Every Nightmare On Elm Street Film Ranked Worst To Best
6. A Nightmare On Elm Street 4: The Dream Master
1988's fourth Nightmare on Elm Street movie was the biggest in every key sense: it had the highest budget, and became the most commercially successful of the series up to that point. It remains an entertaining entry, with strong visuals and energetic direction from future action master Renny Harlin. However, it's almost certainly the corniest Nightmare, and the point at which Freddy's reliance on wisecracks went over the line.
For fans of the preceding film, The Dream Master is infuriating from the start. First off, it recasts Patricia Arquette's Kristen with the less charismatic Tuesday Knight (yes, that's really her name: she also sings theme song Nightmare), and then - spoiler alert - it quickly kills her off along with other surviving Dream Warriors in the first act. For those who grew to care for those characters in that superior sequel, this inevitably feels like a betrayal.

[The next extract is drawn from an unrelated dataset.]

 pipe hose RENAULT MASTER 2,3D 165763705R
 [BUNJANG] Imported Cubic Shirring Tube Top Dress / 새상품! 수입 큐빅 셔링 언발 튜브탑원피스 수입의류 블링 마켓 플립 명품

Worse yet, the new ensemble introduced in their stead are the least likeable bunch of victims-in-waiting lined up for Freddy up to that point (although, in fairness, the sequels that followed would give them a run for their money there), and Lisa Wilcox just doesn't have the charisma to be Freddy's supposed nemesis.
Given that the teen ensemble includes a big-haired fitness fanatic in spandex and a headband-wearing karate enthusiast, it's the most unequivocally 80s ensemble of the series; indeed, this film is the one that wears the era on its sleeve most blatantly, the power ballad-heavy soundtrack being a key factor there.